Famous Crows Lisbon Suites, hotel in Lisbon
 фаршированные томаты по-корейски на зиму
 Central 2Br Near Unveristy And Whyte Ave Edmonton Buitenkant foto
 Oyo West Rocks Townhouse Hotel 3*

◆ **About this task**:
Give an exact transcription of all the material.

◆ **Solution**:
Famous Crows Lisbon Suites, hotel in Lisbon
 фаршированные томаты по-корейски на зиму
 Central 2Br Near Unveristy And Whyte Ave Edmonton Buitenkant foto
 Oyo West Rocks Townhouse Hotel 3*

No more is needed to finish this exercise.